Rachel Reeves, shadow work and pensions secretary, has written to Prime Minister David Cameron challenging him to promise to reduce the number of people using food banks during the next parliament in 2015-2020.
UK government cuts and welfare sanctions are having a devastating impact on communities across Scotland - Stewart Hosie MP
“Under your government, too many working people are being paid so little that they can’t afford to feed their families – with 1.5 million more in jobs paying less than the living wage and a huge rise in the number of people on zero-hours contracts.

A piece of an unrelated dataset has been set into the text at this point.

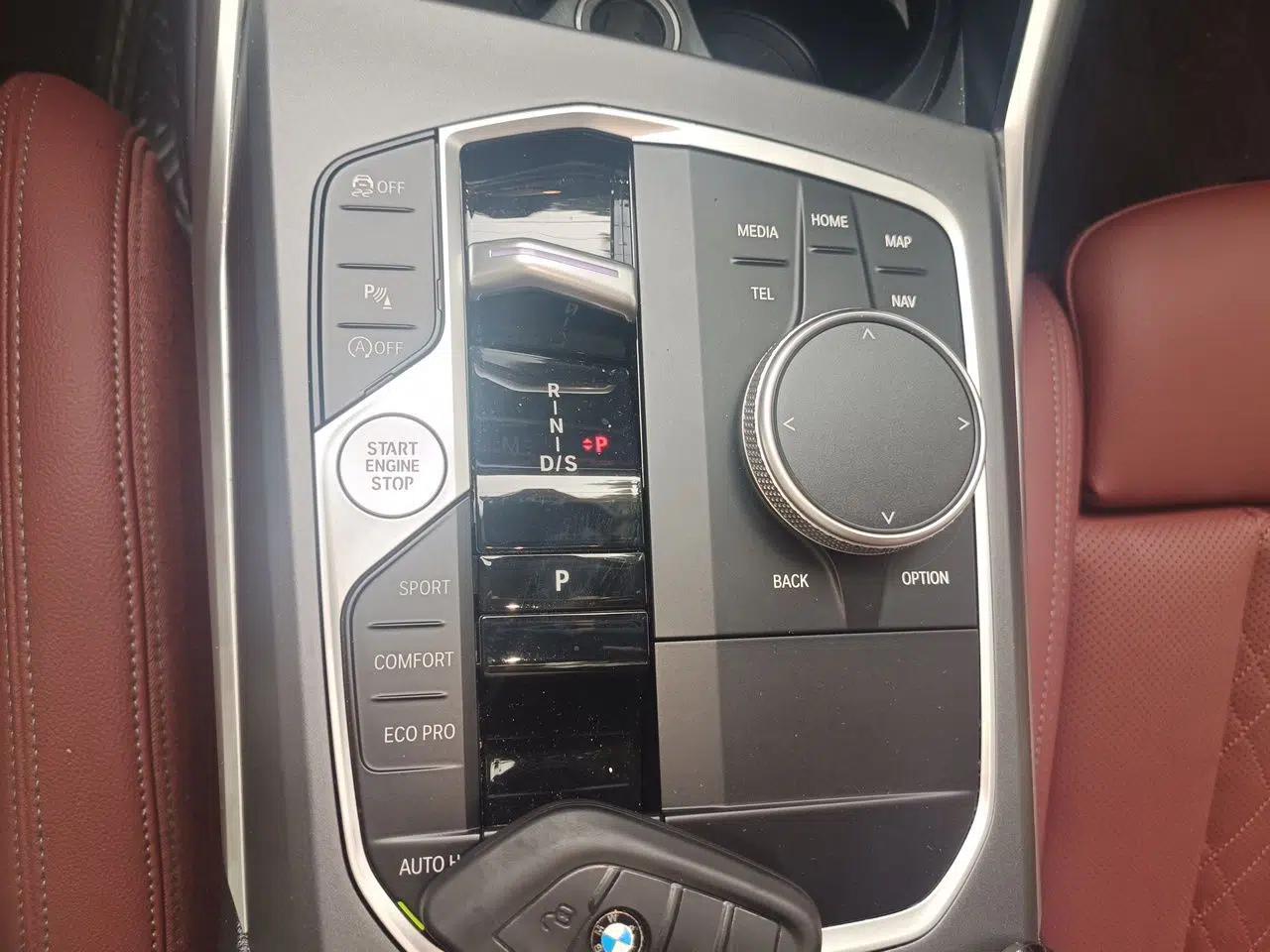 BMW 3 Series 2025 325i M Sport Package — миниатюра 14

“And too many people who should be supported by our social security system are being let down by it – with delays in benefit payments, unfair benefits sanctions and the bedroom tax pushing people to the doors of foodbanks,” the letter reads.
Last year the Trussell Trust, which runs a network of over 400 UK foodbanks across the UK, published a report showing numbers turning to foodbanks are continuing to rise despite economic recovery, and more people are struggling to get by because their incomes are too low.
SNP depute leader Stewart Hosie MP said the latest figures are alarming, and show how desperately Scotland needed an alternative to the Westminster cuts consensus.
"UK government cuts and welfare sanctions are having a devastating impact on communities across Scotland – pushing 100,000 more of our children into poverty and forcing more families to have to rely on foodbanks,” he said.
“Yet, the UK government is committed to making the same mistakes with the economy all over again. The Tories, along with Labour, have voted for an extra £30 billion of cuts still to come.
“The question for Labour and the Tories - the pro-cuts parties - is how many more food banks have to open before they change their misguided policies of further cuts?"